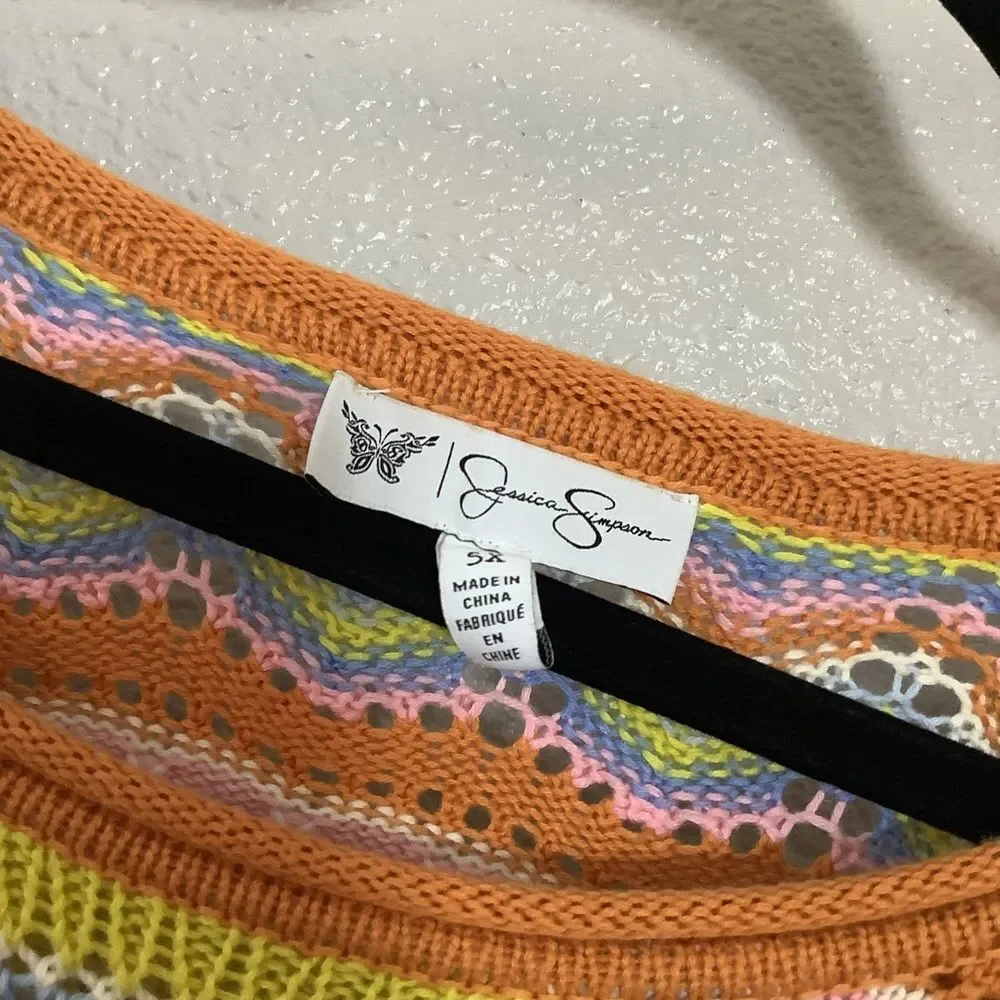 Jessica Simpson Multicolor Artsy Bohemian Hippie Boho Chic‎ Chevron Sweater 5X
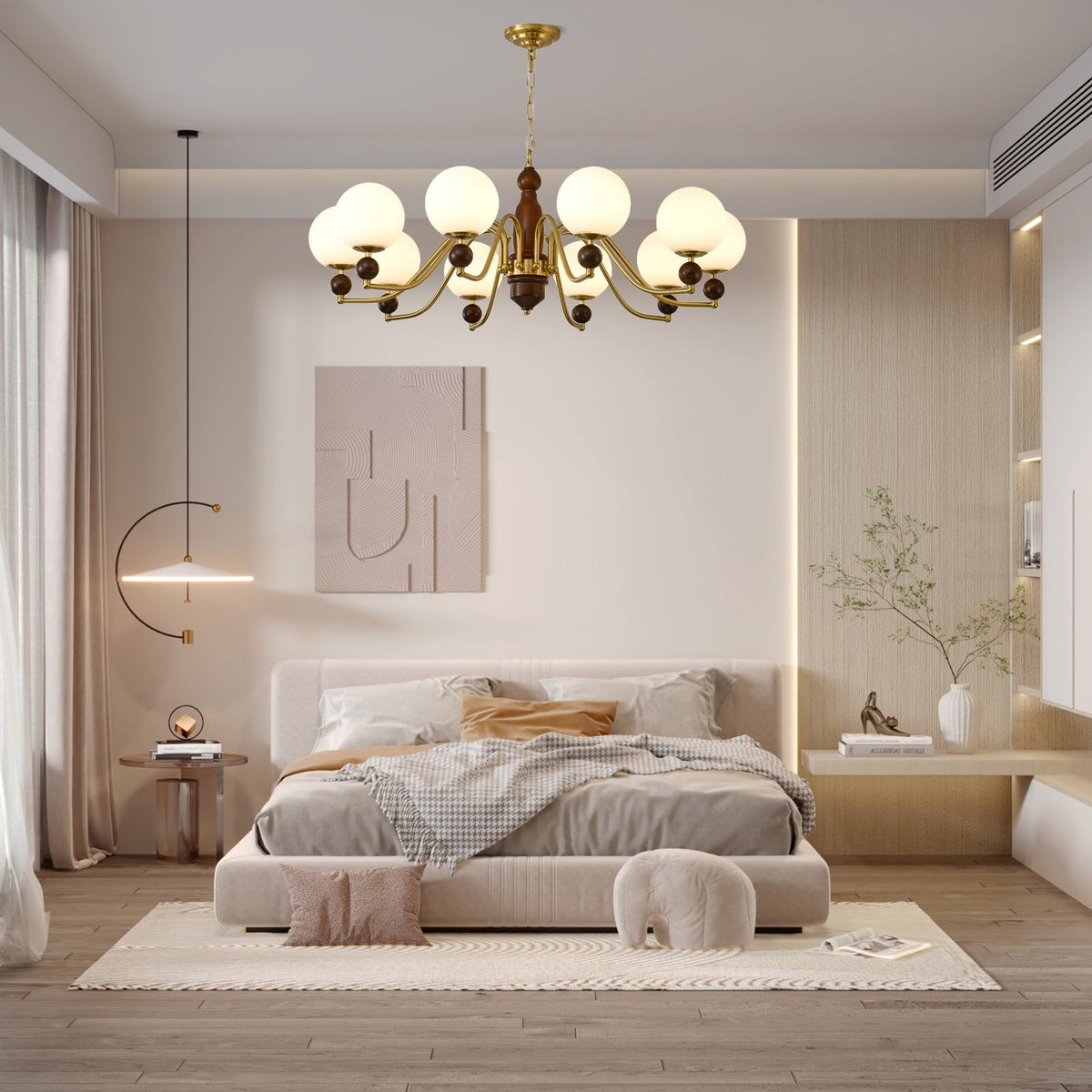 Ornate Heritage Chandelier – Wood & Brass Statement Lighting for Dining and Living Spaces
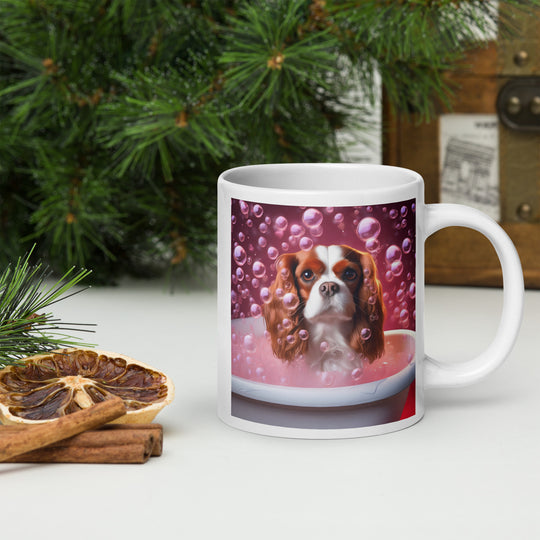 Cavalier King Charles Spaniel Romantic- White glossy mug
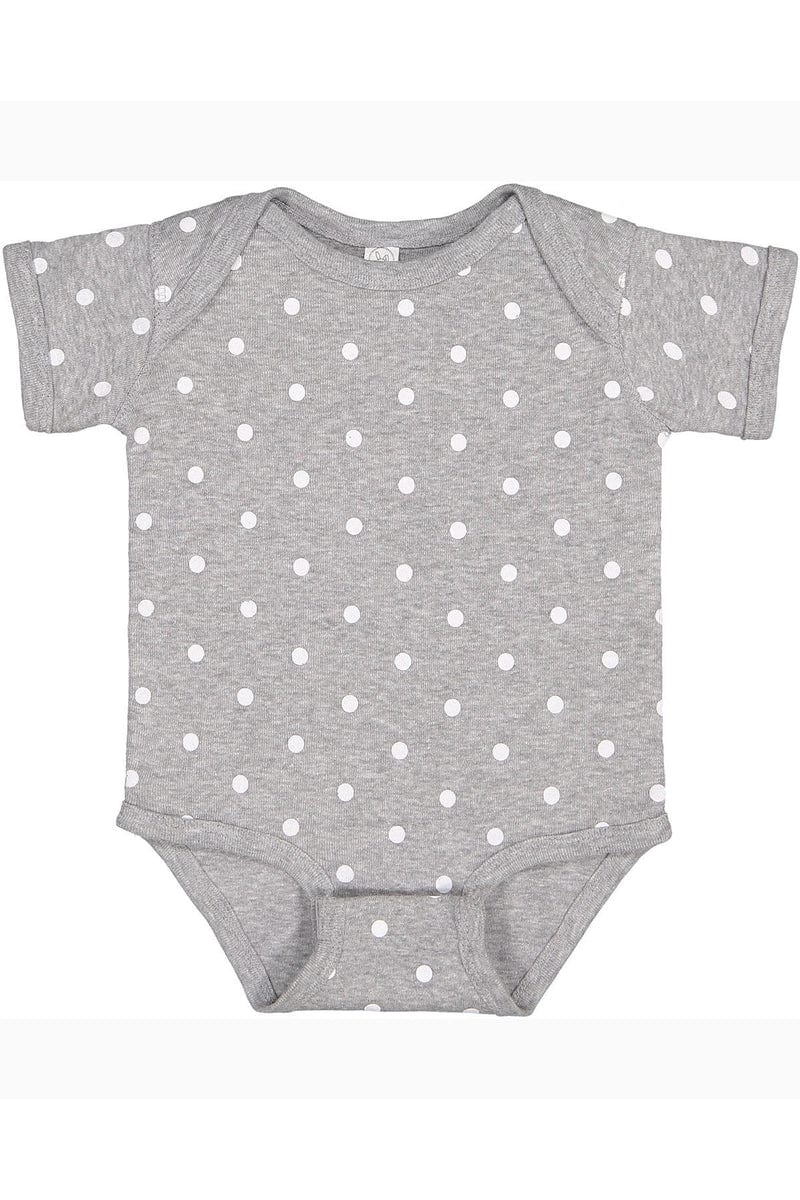 Rabbit Skins 4400 Infant Baby Rib Bodysuit, Traditional Colors in Heather/ Wht Dot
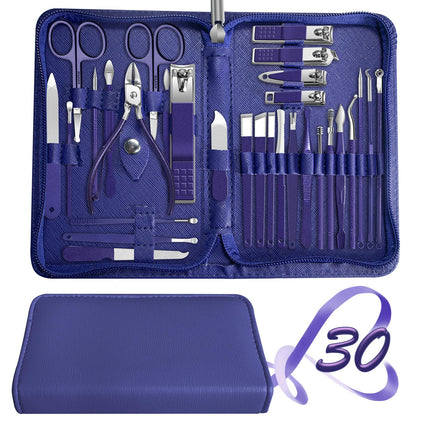 Manicure Set 30 in 1 Nail Clipper set, nail clippers, fingernail & toenail clippers, Manicure Tools, pedicure tools, Suitable for Travel Manicure Kit, Nail Set Kit With Everything
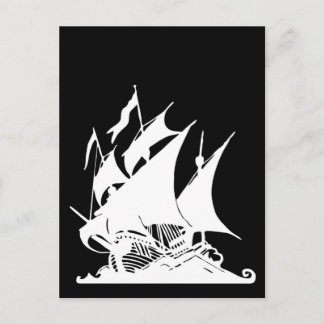 Black and White Pirate Ship Postcard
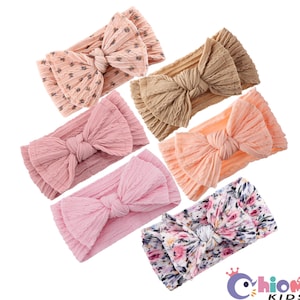 PREEMIE & NEWBORN Baby Bow Headband, Infant Headwrap for Small Babies, Soft, Stretchy Hair Accessory, Baby Girl Knit Bow, Baby Shower Gifts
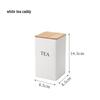 In-Stock Minimalist Metal Tea Caddy with Bamboo Lid for Snacks, Coffee, and Candy Storage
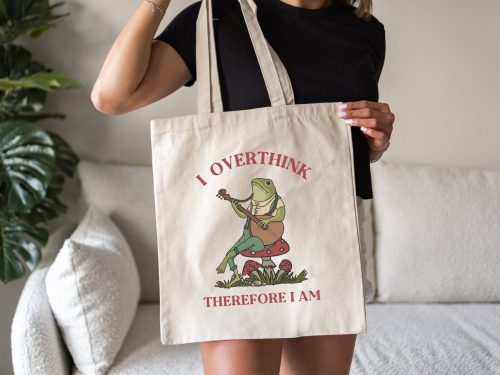 I Overthink Therefore I Am, Retro Frog Tote Bag, Forestcore, Funny Frog Tote, Weirdcore, Cursed Tote, Oddly Specific, Weird, Vintage Animal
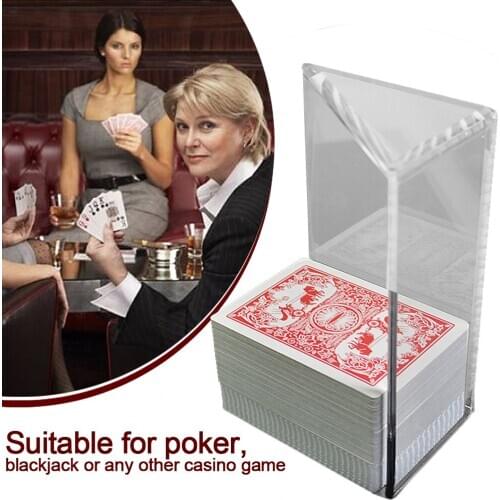 8 Decks Poker Playing Cards Holder Transparent Acrylic Durable Smooth Blackjack Shoe Discard Tray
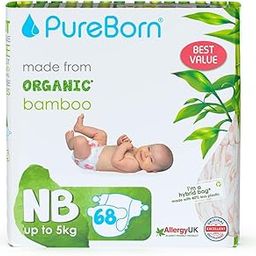 PureBorn Organic Natural Bamboo Baby Disposable Diapers-NB Size by Fratelli |Upto 5 Kg|68 Pcs|Assorted Print|Premium Super Soft| Maximum Leakage Protection|Eco Friendly Nappies|New Born Essentials NB-68s-image-87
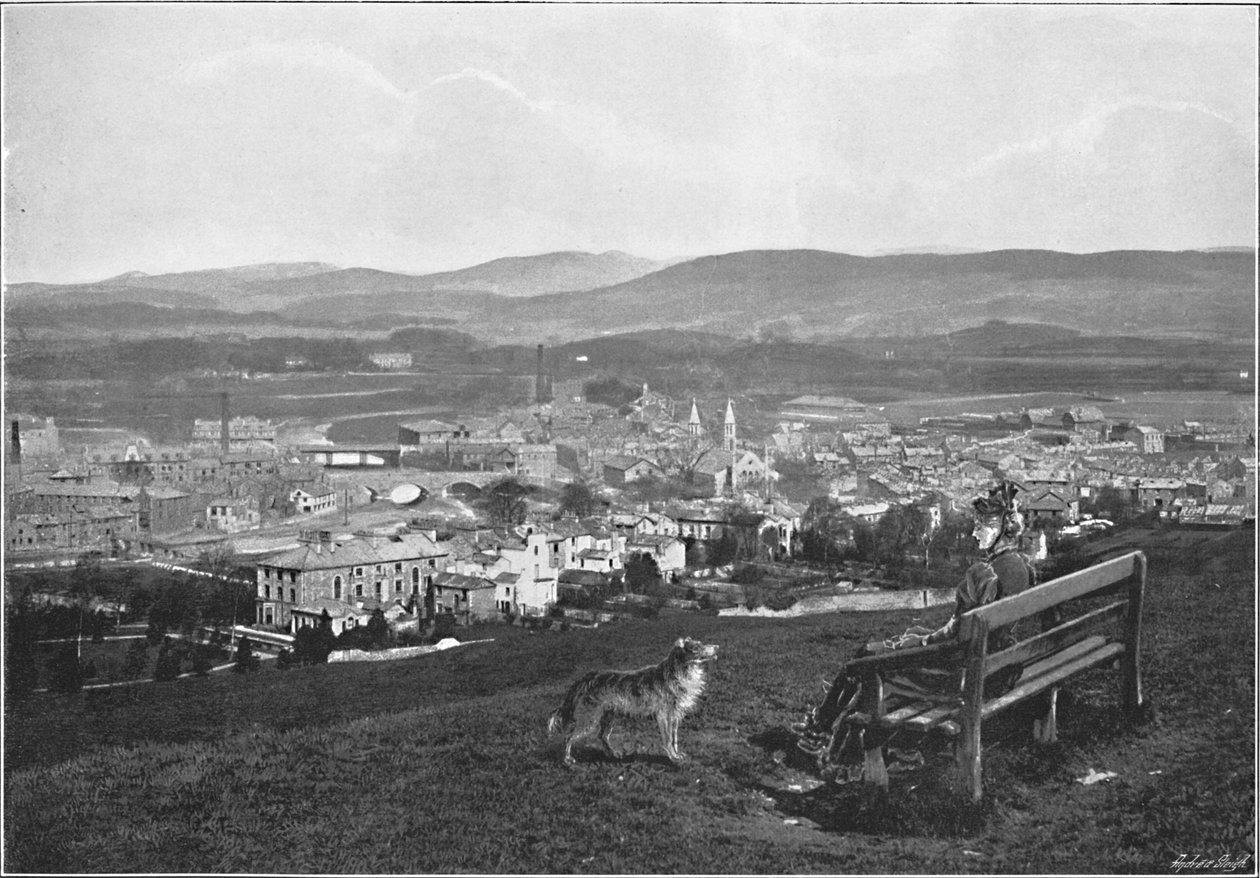 Kendal, från slottet, c1896 av Poulton and Co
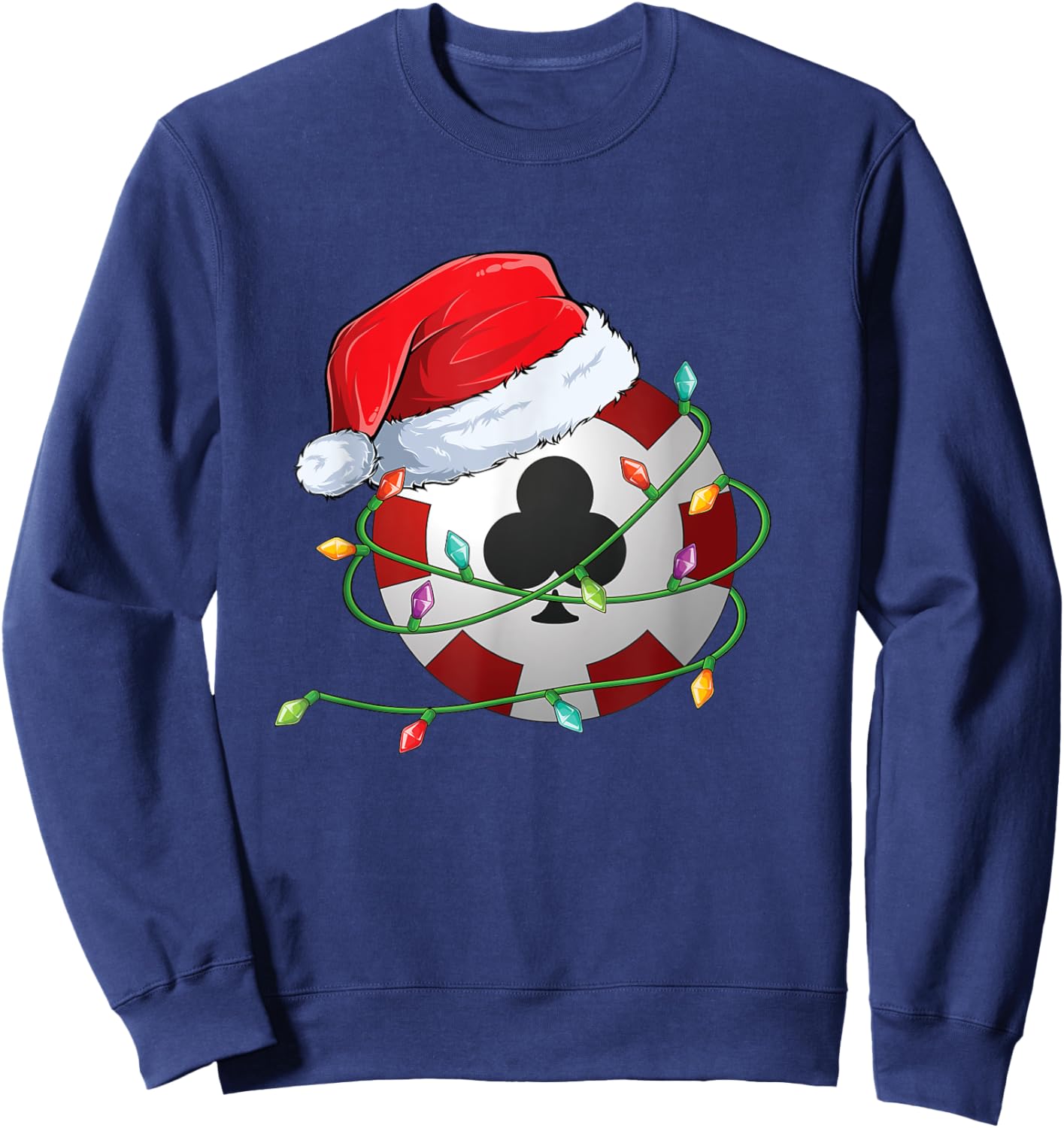 Christmas Poker Chip in Santa Hat wrapped in Holiday Lights Sweatshirt - Sweatshirt | Navy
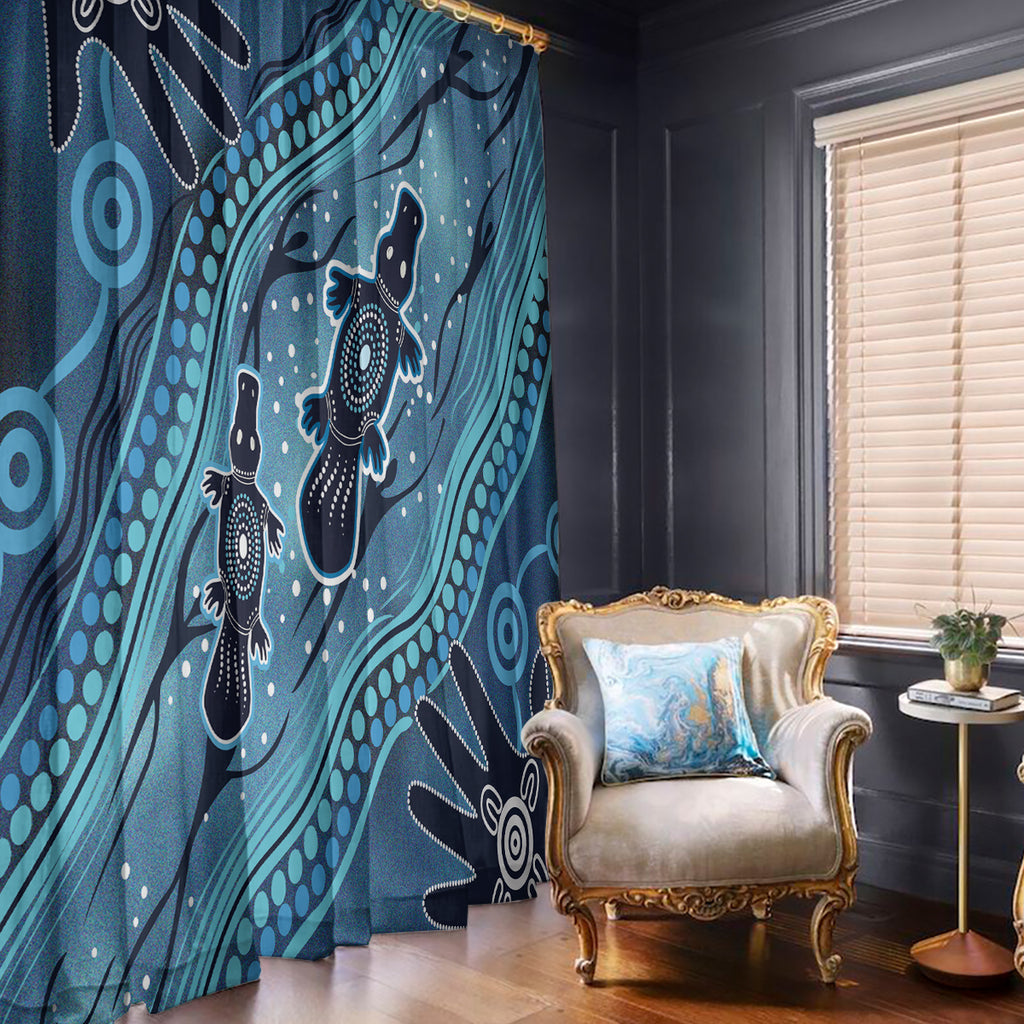 Aboriginal Dots Art Painting with Platypus Window Curtain No 1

§ Task requirements: Take the line that contains "PREEMIE & NEWBORN" and every line after it to the end of the records above; quote them exactly, leaving out the pictures.

§ Solution:
 PREEMIE & NEWBORN Baby Bow Headband, Infant Headwrap for Small Babies, Soft, Stretchy Hair Accessory, Baby Girl Knit Bow, Baby Shower Gifts
 In-Stock Minimalist Metal Tea Caddy with Bamboo Lid for Snacks, Coffee, and Candy Storage
 I Overthink Therefore I Am, Retro Frog Tote Bag, Forestcore, Funny Frog Tote, Weirdcore, Cursed Tote, Oddly Specific, Weird, Vintage Animal
 8 Decks Poker Playing Cards Holder Transparent Acrylic Durable Smooth Blackjack Shoe Discard Tray
 PureBorn Organic Natural Bamboo Baby Disposable Diapers-NB Size by Fratelli |Upto 5 Kg|68 Pcs|Assorted Print|Premium Super Soft| Maximum Leakage Protection|Eco Friendly Nappies|New Born Essentials NB-68s-image-87
 Kendal, från slottet, c1896 av Poulton and Co
 Christmas Poker Chip in Santa Hat wrapped in Holiday Lights Sweatshirt - Sweatshirt | Navy
 Aboriginal Dots Art Painting with Platypus Window Curtain No 1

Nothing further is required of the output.